Fellow, National Security Institute, Antonin Scalia Law School, George Mason University
Vince Vitkowsky chaired the Executive Committee of the Federalist Society’s International and National Security Law and Policy Practice Group for over a decade. He is also a Fellow at the National Security Institute of George Mason University Law School. Vince spent 45 years in private practice, primarily in AmLaw 100/200 firms and their spin-offs. His practice included domestic and international commercial arbitration and litigation, as well as cyber risks and liabilities. Vince's current focus is on national security policy, artificial intelligence, cybersecurity, and counterterrorism. He has often written and spoken on national security and other public policy issues. Among other affiliations, Vince has been an Adjunct Fellow at the Center for Law and Counterterrorism of the Foundation for the Defense of Democracies, a member of the Executive Committee of the American Branch of the International Law Association, and Co-Chair of the Committee on Interventions and Trial Observations of the International Bar Association’s Human Rights Institute. He received his B.A. from Northwestern University and his J.D. from Cornell Law School.
Senior Fellow, Governance Studies, The Brookings Institution
Benjamin Wittes is a senior fellow in Governance Studies at The Brookings Institution. He co-founded and is the editor-in-chief of the Lawfare blog, which is devoted to sober and serious discussion of "Hard National Security Choices," and is a member of the Hoover Institution's Task Force on National Security and Law. He is the author of Detention and Denial: The Case for Candor After Guantanamo, published in November 2011, co-editor of Constitution 3.0: Freedom and Technological Change, published in December 2011, and editor of Campaign 2012: Twelve Independent Ideas for Improving American Public Policy (Brookings Institution Press, May 2012). He is also writing a book on data and technology proliferation and their implications for security. He is the author of Law and the Long War: The Future of Justice in the Age of Terror, published in June 2008 by The Penguin Press, and the editor of the 2009 Brookings book, Legislating the War on Terror: An Agenda for Reform.
His previous books include Starr: A Reassessment, published in 2002 by Yale University Press, and Confirmation Wars: Preserving Independent Courts in Angry Times, published in 2006 by Rowman & Littlefield and the Hoover Institution.
Between 1997 and 2006, he served as an editorial writer for The Washington Post specializing in legal affairs.
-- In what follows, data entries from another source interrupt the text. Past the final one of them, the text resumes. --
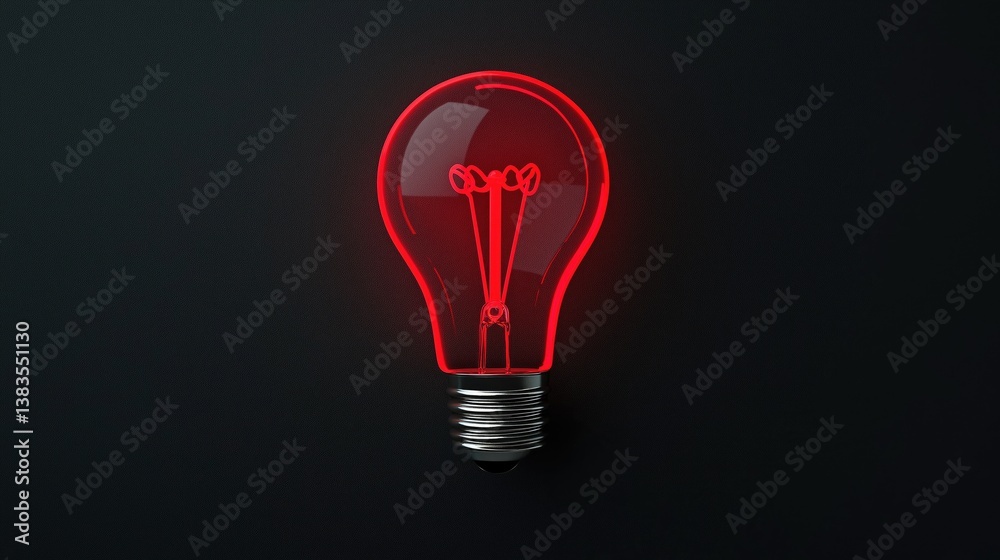 Red light bulb on matte black background. Red light bulb on matte black background.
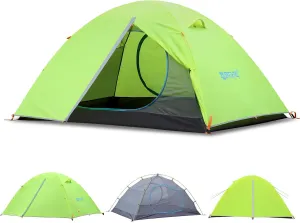2/3 Person Camping Tent Backpacking Lightweight Tent Waterproof Windproof Aluminum Pole Two Doors Double Layer Easy Setup Portable for Outdoor Camping Hiking Beach Travel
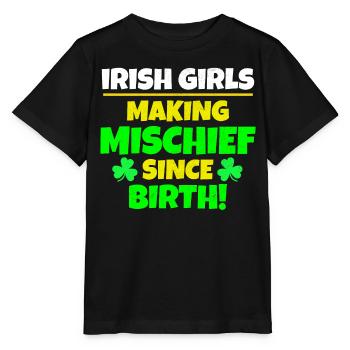 Fête de la Saint-Patrick : les filles irlandaises, fauteurs de bêtises - T-shirt bio MINI CREATOR Stanley/Stella Enfant - noir - Devant - Mikhail (115cm)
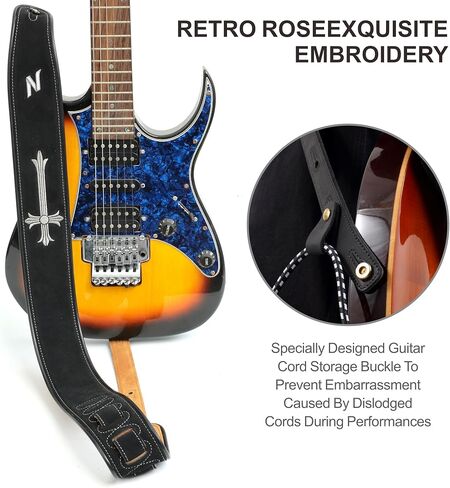 Nefelibata Guitar Strap with Vintage Rose Embroidery, 2.7" Wide Double Layer Bavarian Tumbled Cowhide Guitar Strap with Foam Padding for Kids, Male and Female Acoustic, Bass and Electric Guitars in Saudi Arabia
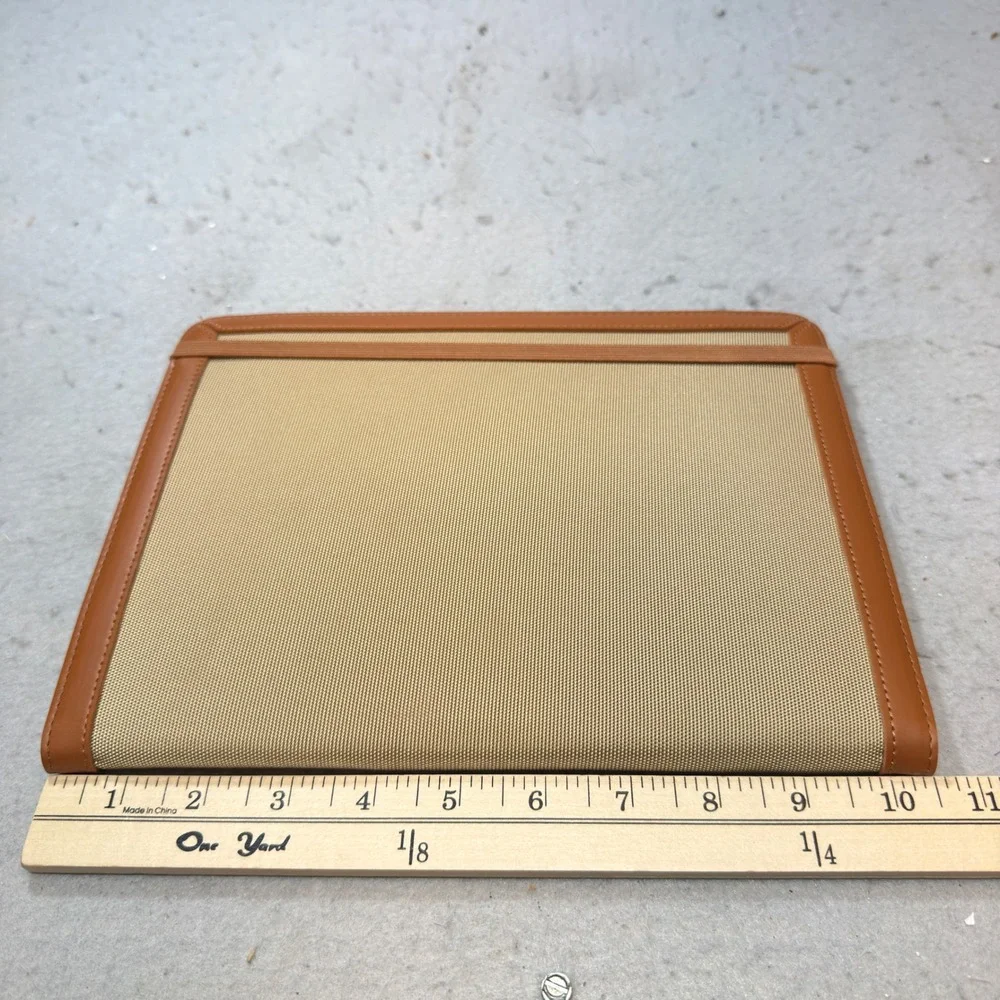 Unbranded Tablet Portfolio Unisex Medium Tan Good Canvas Faux Leather Folio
Before joining the editorial page staff of The Washington Post, Wittes covered the Justice Department and federal regulatory agencies as a reporter and news editor at Legal Times. His writing has also appeared in a wide range of journals and magazines including The Atlantic, Slate, The New Republic, The Wilson Quarterly, The Weekly Standard, Policy Review, and First Things.
Benjamin Wittes was born in Boston, Massachusetts. He graduated from Oberlin College in 1990, and he has a black belt in taekwondo.
Deputy Secretary of Transportation, US Department of Transportation
Steven G. Bradbury was sworn in as the Deputy Secretary of Transportation on March 13, 2025, following his confirmation by the U.S. Senate on March 11, 2025. In this role, he oversees the Department’s operating administrations and spearheads initiatives to ensure a safe, efficient, and modern transportation system that strengthens economic productivity and global competitiveness. Deputy Secretary Bradbury also assists Secretary Duffy in managing the Department’s activities, including its workforce of over 58,000 employees and an annual budget exceeding $109 billion.
Bradbury previously served as the 23rd General Counsel of the Department of Transportation from 2017 to 2021, as the Acting Deputy Secretary from 2019, and as Acting Secretary of Transportation in 2021. As General Counsel, he was the chief legal officer, advising on all legal matters and ensuring the integrity and compliance of the Department’s policies and programs.
Before rejoining DOT, Bradbury was a Distinguished Fellow at The Heritage Foundation from December 2022 to March 2025. He has extensive experience in the public and private sector, having served as Principal Deputy and Acting Assistant Attorney General at the U.S. Department of Justice and as a partner at Kirkland & Ellis LLP and Dechert LLP. Earlier in his career, he clerked for Justice Clarence Thomas and Judge James L. Buckley.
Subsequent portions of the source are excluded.